Records excerpted from a collection
* * * *

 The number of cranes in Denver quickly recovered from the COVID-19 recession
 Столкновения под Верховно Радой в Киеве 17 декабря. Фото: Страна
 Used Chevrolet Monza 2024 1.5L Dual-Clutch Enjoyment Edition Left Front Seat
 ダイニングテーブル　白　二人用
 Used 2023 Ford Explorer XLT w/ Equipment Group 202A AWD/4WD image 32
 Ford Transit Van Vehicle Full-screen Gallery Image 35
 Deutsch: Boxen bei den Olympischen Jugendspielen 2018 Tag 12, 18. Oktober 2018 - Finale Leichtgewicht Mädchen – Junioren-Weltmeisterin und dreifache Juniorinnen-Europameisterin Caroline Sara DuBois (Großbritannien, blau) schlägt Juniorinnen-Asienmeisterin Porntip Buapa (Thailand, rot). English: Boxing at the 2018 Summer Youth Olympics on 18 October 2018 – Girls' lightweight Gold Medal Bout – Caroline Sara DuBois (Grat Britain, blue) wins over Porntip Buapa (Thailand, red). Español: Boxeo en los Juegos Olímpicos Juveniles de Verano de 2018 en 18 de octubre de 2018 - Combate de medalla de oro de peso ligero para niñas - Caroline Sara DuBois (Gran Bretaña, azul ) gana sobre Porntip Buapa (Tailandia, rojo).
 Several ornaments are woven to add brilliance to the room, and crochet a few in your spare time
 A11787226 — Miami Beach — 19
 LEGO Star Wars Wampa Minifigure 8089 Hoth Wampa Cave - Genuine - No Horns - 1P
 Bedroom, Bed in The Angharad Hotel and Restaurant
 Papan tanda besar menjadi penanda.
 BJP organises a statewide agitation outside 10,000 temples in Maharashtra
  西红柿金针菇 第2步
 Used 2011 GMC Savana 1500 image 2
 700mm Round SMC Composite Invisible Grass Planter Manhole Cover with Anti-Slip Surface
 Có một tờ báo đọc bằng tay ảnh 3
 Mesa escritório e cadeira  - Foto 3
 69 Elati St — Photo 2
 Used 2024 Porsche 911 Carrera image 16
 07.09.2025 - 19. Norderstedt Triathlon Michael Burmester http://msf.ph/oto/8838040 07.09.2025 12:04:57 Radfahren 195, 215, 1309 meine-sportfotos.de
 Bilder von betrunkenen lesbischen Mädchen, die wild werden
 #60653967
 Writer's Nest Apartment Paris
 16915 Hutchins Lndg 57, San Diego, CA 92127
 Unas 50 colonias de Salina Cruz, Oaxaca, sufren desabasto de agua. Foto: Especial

* * * *

_REQUIREMENT:_ Look above for the line that contains "Có một tờ báo đọc bằng tay ảnh 3". That line and every line after it through the end of the data must be written out exactly, with nothing else.

_THE ANSWER:_
 Có một tờ báo đọc bằng tay ảnh 3
 Mesa escritório e cadeira  - Foto 3
 69 Elati St — Photo 2
 Used 2024 Porsche 911 Carrera image 16
 07.09.2025 - 19. Norderstedt Triathlon Michael Burmester http://msf.ph/oto/8838040 07.09.2025 12:04:57 Radfahren 195, 215, 1309 meine-sportfotos.de
 Bilder von betrunkenen lesbischen Mädchen, die wild werden
 #60653967
 Writer's Nest Apartment Paris
 16915 Hutchins Lndg 57, San Diego, CA 92127
 Unas 50 colonias de Salina Cruz, Oaxaca, sufren desabasto de agua. Foto: Especial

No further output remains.